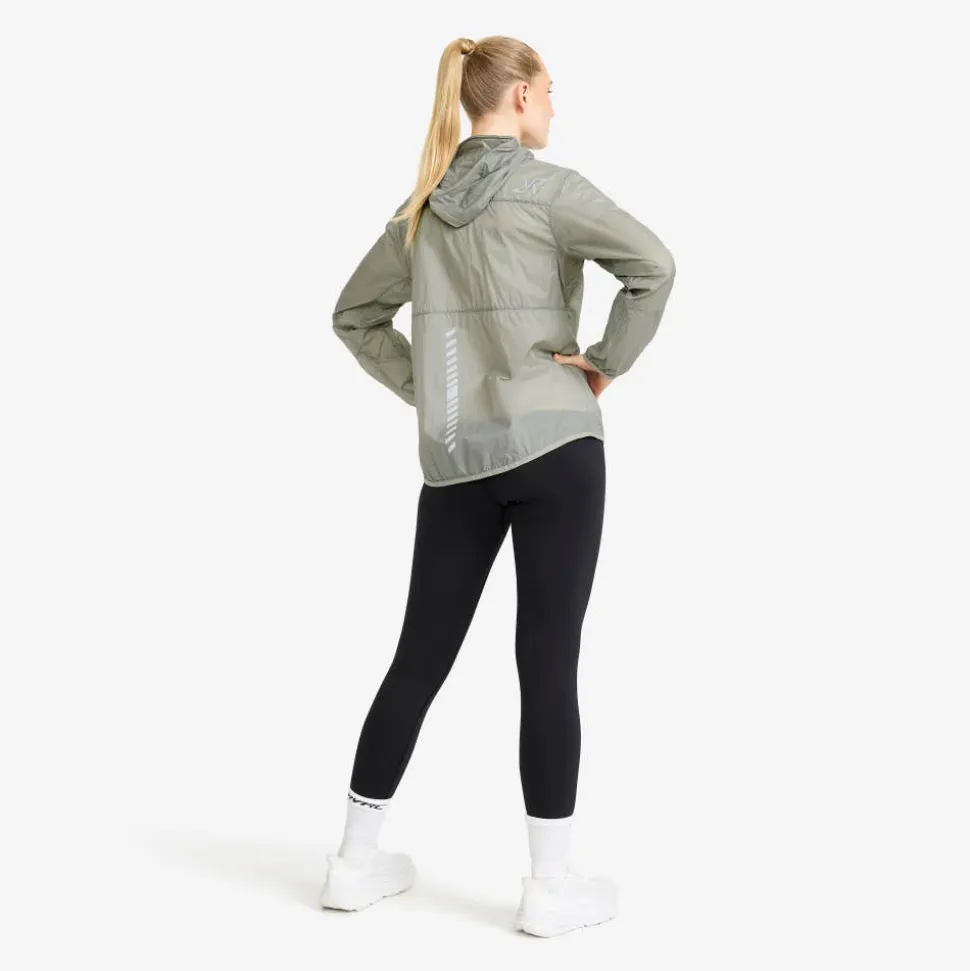 Speed Hooded Windbreaker Dame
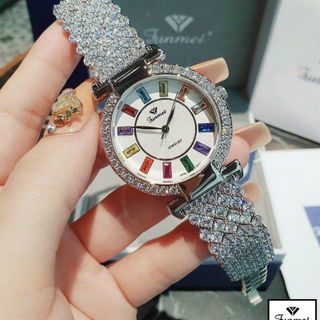 ĐỒNG HỒ NỮ CHÍNH HÃNG FUNMEI A18
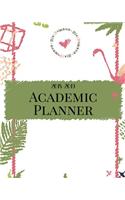 2018-2019 Academic Planner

§ Prompt
Retyping is limited to the line with "ĐỒNG HỒ NỮ CHÍNH HÃNG FUNMEI A18" and the lines after it in the material above; give them exactly and leave out the pictures.

§ Solution below
 ĐỒNG HỒ NỮ CHÍNH HÃNG FUNMEI A18
 2018-2019 Academic Planner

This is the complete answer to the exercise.